When Mark finds out she has taken another incest case, he leaves her. She turns to her parents, but her mother blames her for having driven Mark away. Her therapist makes her write a letter to her mother. When writing, not only does she express the hatred she feels for her mother, but also reveals that she is an incest victim herself, having been abused by her father for years. She starts to remember everything and finds out that she buried the abuse so deep that she didn't consciously remember it. In sessions, Joan helps her remember the entire truth and eventually Shari tells that her father raped her after typing, which explains the sounds of typing she heard. She confronts her parents, but they respond with outrage, claiming they will never forgive her for the accusation.

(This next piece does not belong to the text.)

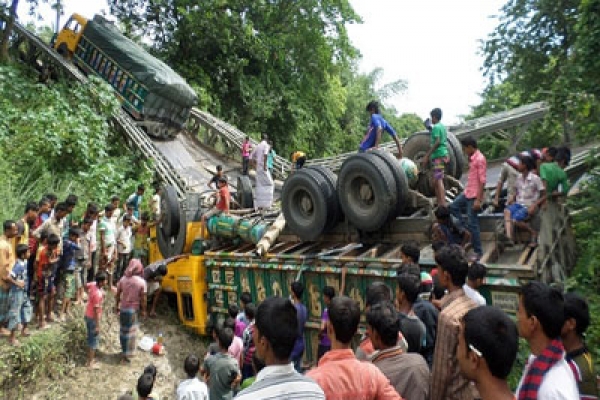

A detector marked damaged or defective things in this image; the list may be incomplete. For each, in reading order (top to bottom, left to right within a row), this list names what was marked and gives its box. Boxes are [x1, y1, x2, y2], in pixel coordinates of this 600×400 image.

overturned truck [155, 138, 576, 366]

Linda refuses to believe her as well and has trouble even accepting the possibility. At work, her new client withdraws and Christie is hospitalized. Frustrated, she is determined to change the law, allowing incest victims to sue their parents whenever they want to, without a statute of limitations. She contacts Stephanie Chadford, another lawyer who tried to change the incest law. This requires her to step to the media, telling her own story. She is immediately estranged from her sister and disowned by her parents. Meanwhile, the process of changing a law proves to be exhausting, taking up to six years to even qualify in court, and her emotional involvement upsets her partners, who eventually fire her. In the end, however, the law changes, with Shari's help.